Ferrare au XVIe siècle, les audaces et paradoxes de Gesualdo, tout y est et nous transporte.

Carlo Gesualdo
Madrigaux, Livres III et IV
Les Arts Florissants,
dir. Paul Agnew
Harmonia Mundi HAF8905309.10 (2 CD).
2019-2020. 1 h 37
Publiés en 1595 et 1596, ces deux livres de madrigaux témoignent du tournant stylistique et du changement de goût poétique opérés par le compositeur peu de temps après son mariage avec Leonora d’Este. Gesualdo est alors à Ferrare, l’une des cours musicales les plus célèbres et les plus importantes d’Italie. Les expérimentations poético-musicales qu’il mène à bien, dans le sillage de Luzzasco Luzzaschi, aboutiront à l’expressionnisme de ses deux derniers recueils de madrigaux.
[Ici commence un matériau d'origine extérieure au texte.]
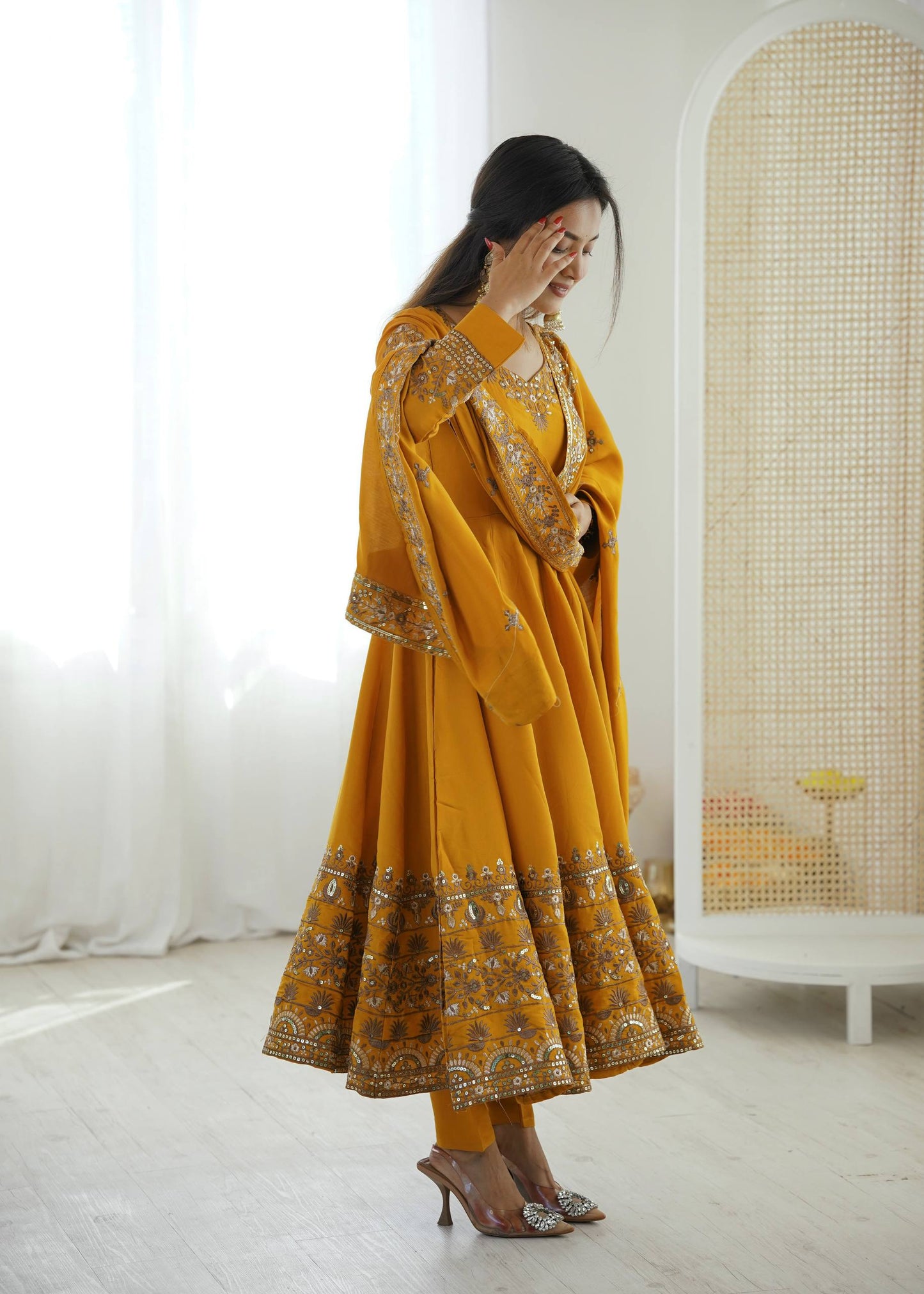 Haldi Wear Yellow Color Sequence Embroidered Anarkali Suit With Dupatta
L’admirable interprétation des six chanteurs des Arts Florissants honore ces deux œuvres de transition. Les phonèmes de la langue italienne, compris comme des couleurs de son, sont reconstitués musicalement grâce à un travail poussé sur la déclamation du texte et sur la restitution des effets dramatiques de celui-ci sans exagération ni affectation (Languisco, e moro, ahi, cruda! du Livre III, notamment la phrase « d’una lacrima sola »). C’est que les interprètes ont parfaitement compris et reconstitué ce qui produit les textures sonores inhabituelles propres à la musique extravagante de ce prince musicien excentrique : la pratique toujours diversifiée des différents procédés polyphoniques au service d’une harmonie discursive parsemée de dissonances (Moro, e mentre sospiro du Livre IV) et la compartimentation ingénieuse d’une multiplicité d’images poétiques tournoyantes prêtes à être mises en musique (« dispietata », « cruda », « morir », « dolore », « pietà », « languire », « sospir », « martire »…) dans un format bref et expressif (Ecco, morirò dunque du Livre IV). Ainsi, la continuité discontinue de l’articulation musicale de plusieurs madrigaux combinant passages tortueux et moments de douceur est remarquablement réalisée (Sospirava il mio core du Livre III, notamment la fin de la seconde partie). À n’en pas douter, cet enregistrement fera date et peut être légitimement considéré comme un modèle de la pratique madrigalesque au XXIe siècle.